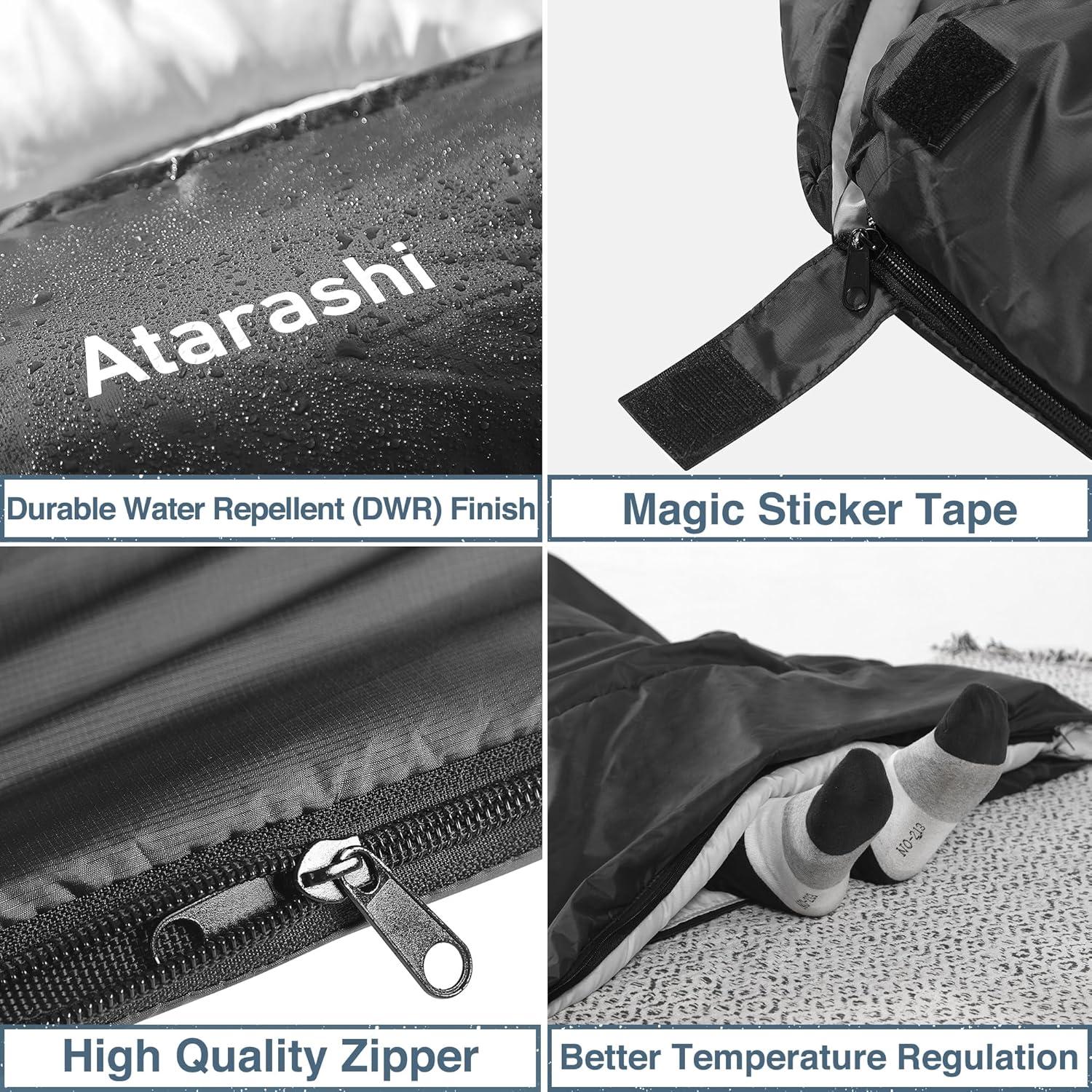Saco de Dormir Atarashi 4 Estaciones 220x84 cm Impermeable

...

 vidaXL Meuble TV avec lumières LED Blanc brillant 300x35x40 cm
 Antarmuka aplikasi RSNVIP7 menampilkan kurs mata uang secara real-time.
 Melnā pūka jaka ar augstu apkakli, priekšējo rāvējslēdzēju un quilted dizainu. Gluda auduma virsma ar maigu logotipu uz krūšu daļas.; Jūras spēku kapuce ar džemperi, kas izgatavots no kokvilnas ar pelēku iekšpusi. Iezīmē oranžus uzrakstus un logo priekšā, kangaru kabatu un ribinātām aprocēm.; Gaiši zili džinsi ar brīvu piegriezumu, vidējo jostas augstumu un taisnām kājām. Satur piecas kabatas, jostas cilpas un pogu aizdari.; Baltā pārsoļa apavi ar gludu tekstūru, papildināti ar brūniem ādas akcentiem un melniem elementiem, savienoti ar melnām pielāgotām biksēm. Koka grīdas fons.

==

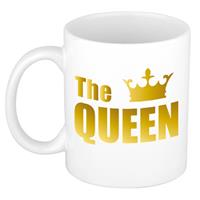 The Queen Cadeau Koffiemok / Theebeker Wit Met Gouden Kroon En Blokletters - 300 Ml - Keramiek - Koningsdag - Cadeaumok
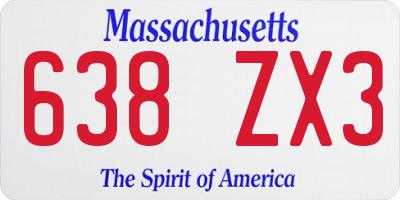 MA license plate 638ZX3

### What you should do
Repeat, word for word, the lines of the material above from the one holding "The Queen Cadeau" through the one holding "MA license plate 638ZX3". Leave out pictures.

### Result below
 The Queen Cadeau Koffiemok / Theebeker Wit Met Gouden Kroon En Blokletters - 300 Ml - Keramiek - Koningsdag - Cadeaumok
 MA license plate 638ZX3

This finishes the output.